What the exercise asks :: Retype the data below exactly; skip every image.

Provided data ::
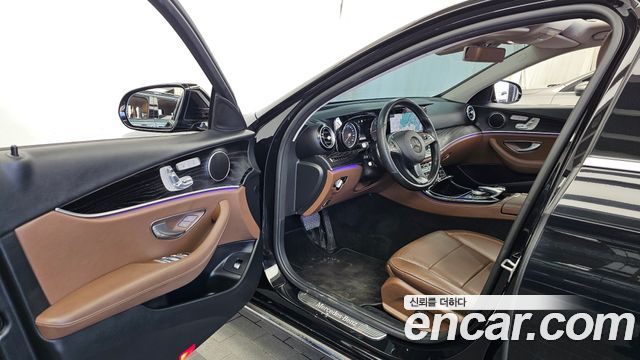 Mercedes-Benz E-Class E220d 4MATIC Avantgarde
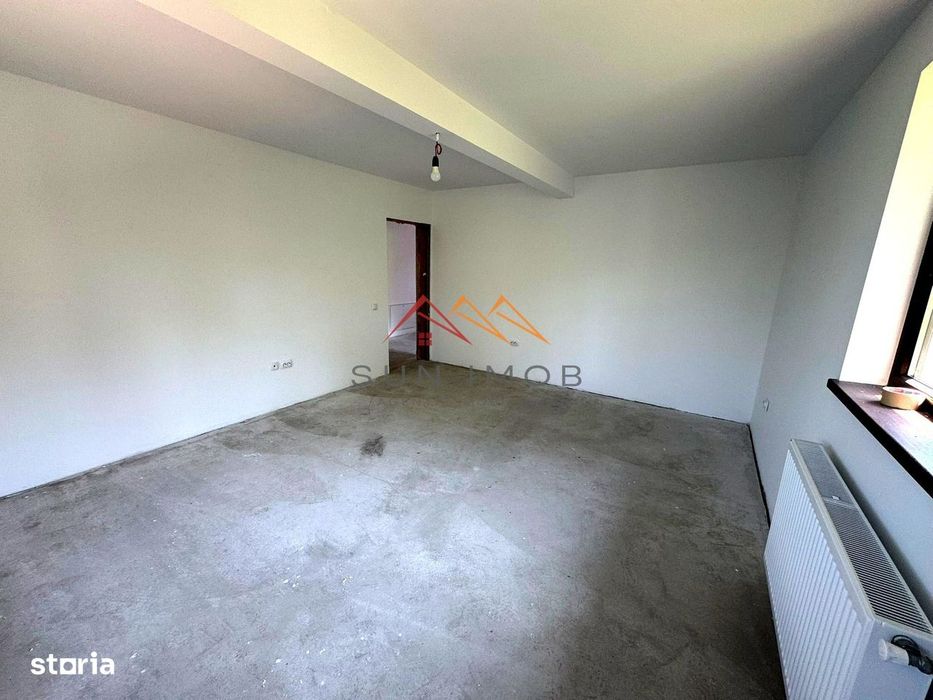Casa P+E+M 5 camere, an 2019, renovat 2023, toate utilitatile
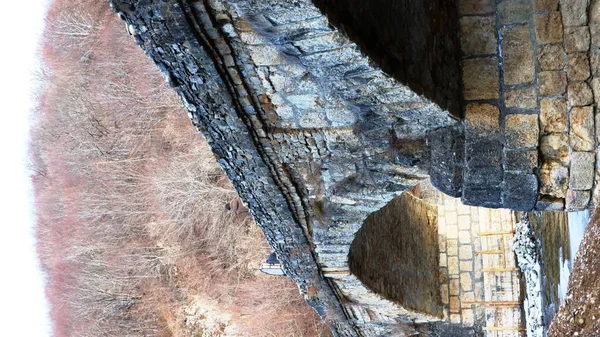 Серый Текстурированный Каменный Мост Старинный Исторический Памятник Архитектуры Стоящий Среди — стоковое фото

Exercise response ::
 Mercedes-Benz E-Class E220d 4MATIC Avantgarde
Casa P+E+M 5 camere, an 2019, renovat 2023, toate utilitatile
 Серый Текстурированный Каменный Мост Старинный Исторический Памятник Архитектуры Стоящий Среди — стоковое фото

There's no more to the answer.